▶ _Assignment_
Starting from the line in which "Happy young woman" appears, set down each line exactly through the end of the listing, and nothing else. Leave out pictures.

▶ _Exercise data_
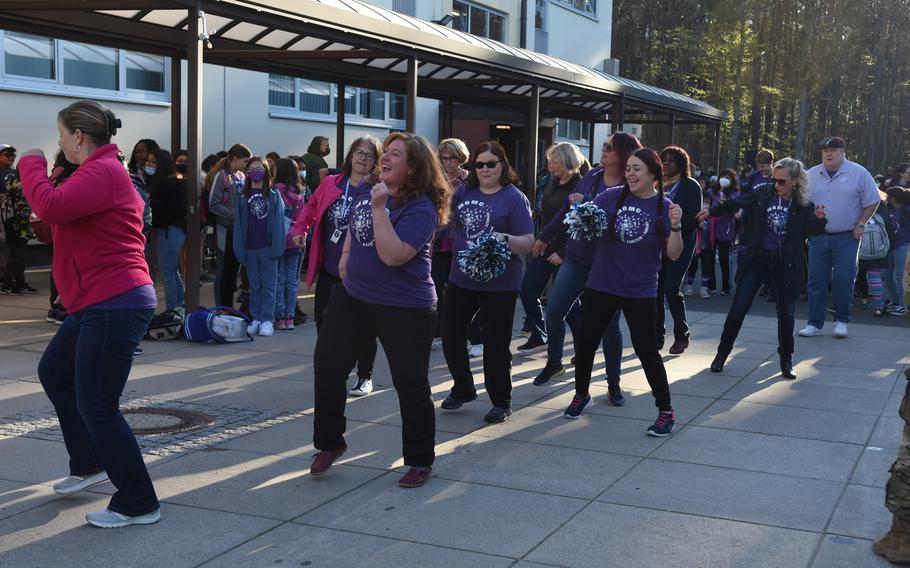 Staff members at Ramstein Intermediate School in Germany join a flash mob dance while celebrating Month of the Military Child on Tuesday, April 19, 2022.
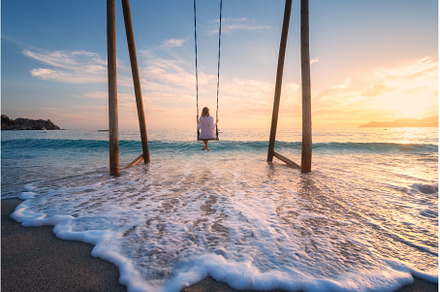 Happy young woman on wooden swing in, a Person Photo by den-belitsky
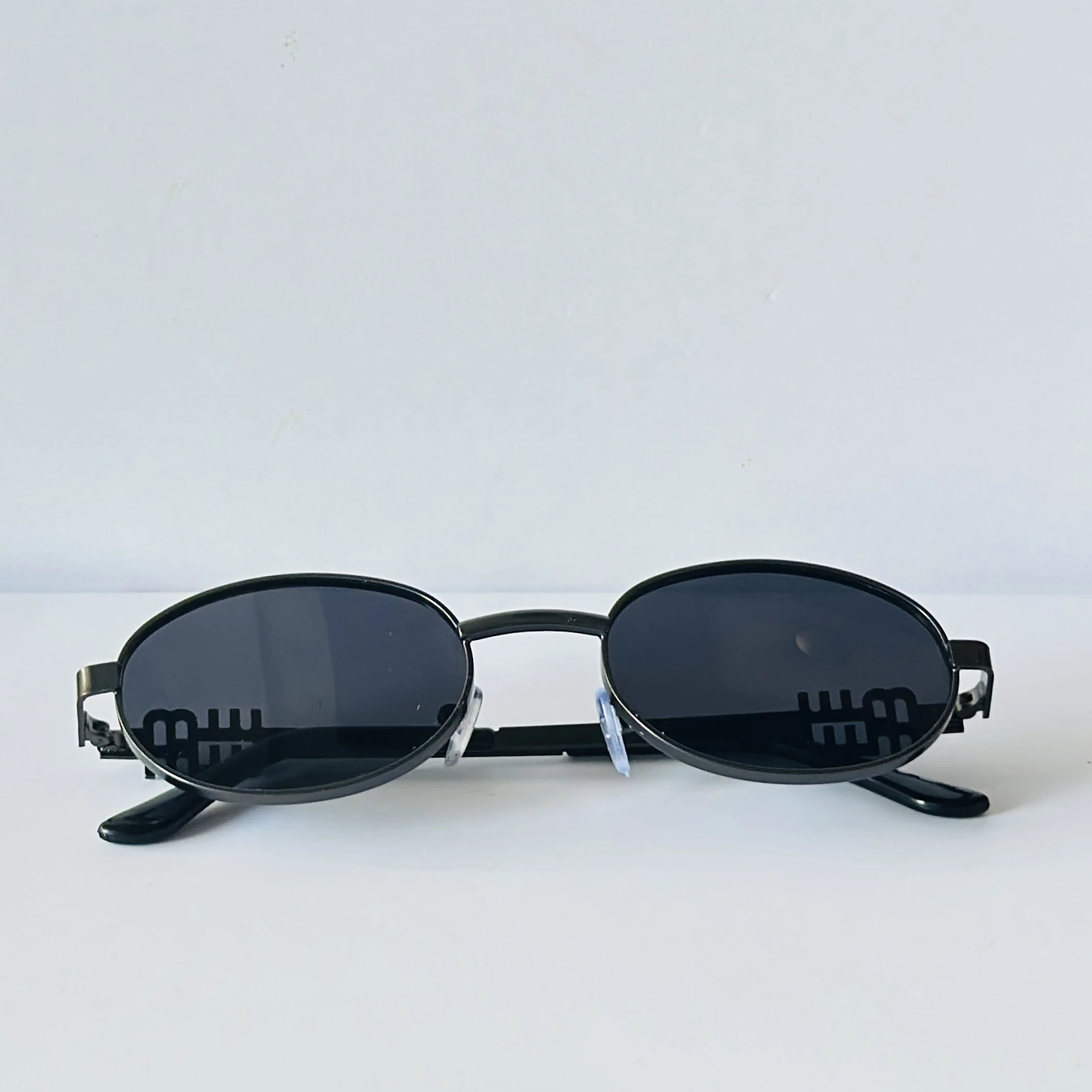 sunglasses featuring a distinct black oval frame and small logo detailing on the lenses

▶ _Task response_
 Happy young woman on wooden swing in, a Person Photo by den-belitsky
 sunglasses featuring a distinct black oval frame and small logo detailing on the lenses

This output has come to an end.